230 P. 802 | Colo. | 1924
THIS is the first, in order of filing in this Court, of three cases, numbered respectively on our docket 10,927, 10,930 and 11,028. All of them directly or indirectly grow out of controversies between the taxpaying electors of The Kerber Creek Irrigation District in Saguache county and its alleged board of directors and the secretary thereof, as to their official status and the official acts which the board claims that it performed. This action, No. 10,927, is one in mandamus to compel the county treasurer of the county to pay, if there are available funds, or, if not, to register, as provided by statute, a warrant which was drawn by the alleged board in favor of the attorneys of the three directors, who claimed to be the sole members of the board, and who employed these attorneys to defend them in a quo warranto action by the people, ex rel. Means, et al., wherein the district court determined that only one of the three, T. E. Dunshee, was or ever had been a director of the District, either de facto or de jure, at the time of such employment, or when this warrant was drawn, or at any other time. No attempt has been made to have this judgment of ouster reviewed or set aside and it is still in full force and effect.
Though apparently not in entire accord as to the propriety of consolidating these three actions for hearing here as one cause, counsel for both parties, who appear in all of them, refer in their briefs in one of the cases to the briefs and records in the other two and ask us to observe a similar method in disposing of them. This we have done *216 as only by doing so may they be fairly and justly determined.

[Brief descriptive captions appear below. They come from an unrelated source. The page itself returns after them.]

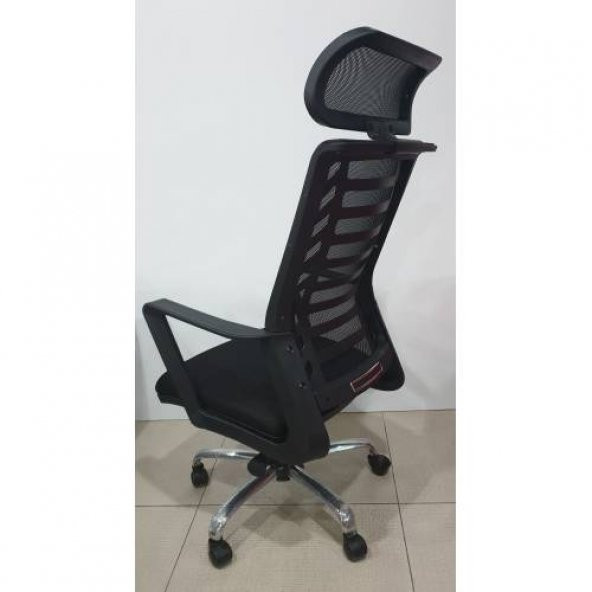 EGE Fileli Makam Koltuğu, Fileli Koltuk, Çalışma Koltuğu, Ofis Koltuğu, Bilgisayar Koltuğu, Koltuk - 6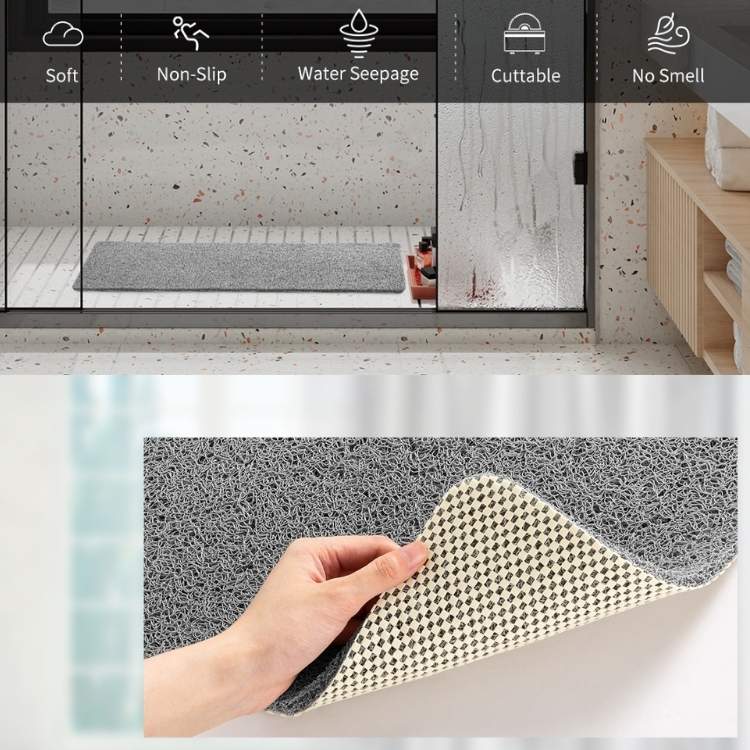 HydroSafe Non - Slip Shower Mat - Shower Mat - Wild Eye Vision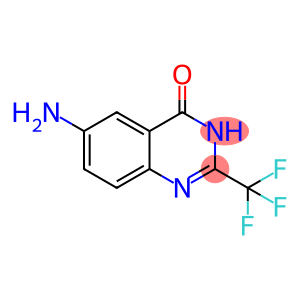 6-AMINO-2-TRIFLUOROMETHYL-QUINAZOLIN-4-OL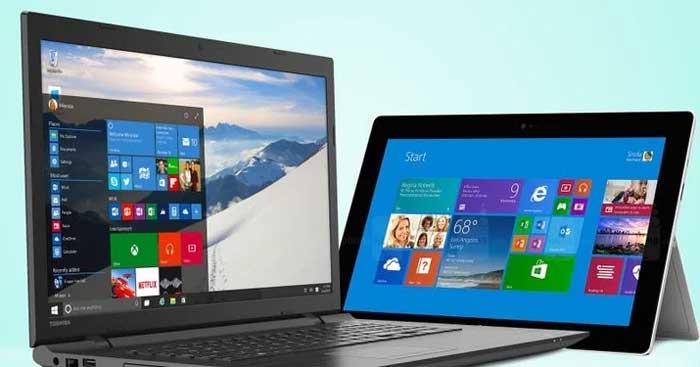 Χρήσιμες χειρονομίες επιφάνειας αφής στα Windows 10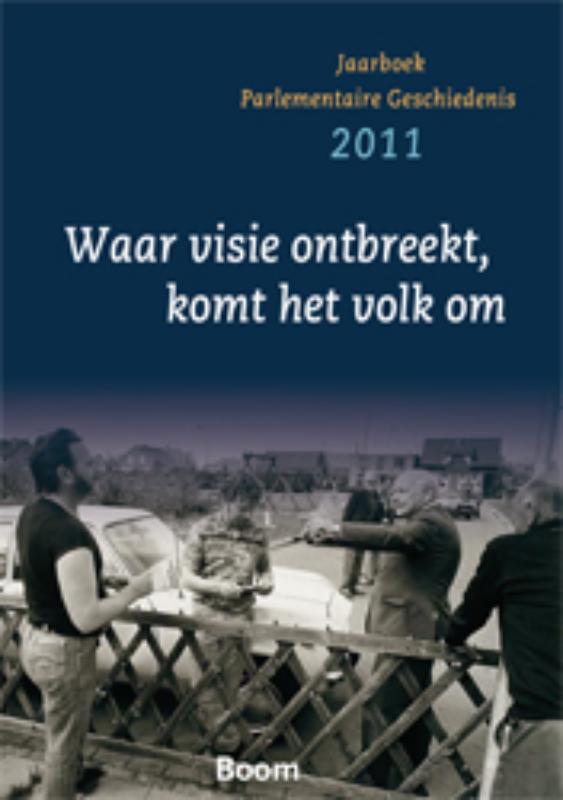 Omslag van 2011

We have in this case for decision the question whether it was the plain duty of the county treasurer to register this warrant, it being conceded that he could not pay it because there were no available funds in the treasury. Ordinarily a county treasurer, whose duties, perhaps, are largely ministerial, may not refuse to pay or register a warrant drawn on him by an administrative body like an irrigation district on which a statute has conferred the power to draw it, and which also commands the treasurer to pay or register it. The warrant so drawn is presumed to be lawfully drawn. But the presumption may be overcome, in a mandamus to compel the treasurer to pay or register. Mulnix v. Mutual Benefit Life Ins. Co.,
The invalidity of this warrant clearly appears from the records of these cases. The district court which in this case made permanent the alternative writ of mandamus requiring the county treasurer to register this warrant, also on the same day in cause 11,028 rendered a judgment declaring in effect that the irrigation board which drew the warrant, had no power or authority to act as a board at all. The board, not having power to draw the warrant or order it drawn, the treasurer was right in refusing registration. The district court having declared the board, so constituted, an illegal body and not authorized to act for, or to represent, the irrigation district, nevertheless *217 directed the treasurer to recognize this warrant as a legal obligation of the district by registering it. This determination apparently was on the ground that the treasurer, as a ministerial officer, may not attack in a mandamus action, the validity of a warrant purporting on its face to be drawn by a board in which the statute has vested the power to draw it. We think, because of the judgment of the same court on the same day in 11,028, that the board, which drew the warrant, was an illegal body, the judgment in this cause directing registration was wrong.
It is wrong for another reason. Mandamus is the remedy for compelling performance by a public officer of a plain, legal duty devolving upon him by virtue of his office or which the law enjoins as a duty resulting from the office. Bell v. Thomas,
Summarized, we say: while ordinarily the county treasurer may not pass upon the validity of a warrant which on its face appears to be drawn for a valid debt by the body authorized by the statute to draw it and where no fact or circumstance is known to the treasurer which casts doubt upon its validity, this rule is inapplicable here, first, because on the same day this judgment directing registration was entered, the same court in cause No. 11,028 decided that the alleged board of directors that drew it had no power or authority to do so; and, second, because this record affirmatively shows that the claim against the district was not a valid one and the allowance or payment of a retaining fee for services performed, not for the district but for its alleged directors as individuals and not as officers acting for the district in a matter within their jurisdiction. It was not within the power of a de facto or de jure board to fasten upon the district liability for such a retainer. The state auditor may not audit or issue warrants for the payment of illegal claims, no matter how certified. People, ex rel. v. Spruance,
The further contention that section 1970, C. L. 1921, empowers the board to employ attorneys, as may be required, is not sound. That section is not authority to the members of the board to employ attorneys to represent them as individuals in responding to, or defending against, a charge instituted by the people that they are usurpers, or to charge against the district the amount of the attorney fee which these individuals agreed to pay. The board *219 has power to employ attorneys to protect the rights and look after the interests of the district as a public corporation, but not to represent the individual directors in defending their right to hold a public office. Unless some statute confers such power, we will not judicially legislate upon it.
It follows that the judgment of the district court was wrong. It is, therefore, reversed with instructions to the trial court to set it aside and render, in lieu thereof, a judgment dismissing the action at plaintiffs' costs both here and below.
MR. JUSTICE ALLEN and MR. JUSTICE SHEAFOR concur.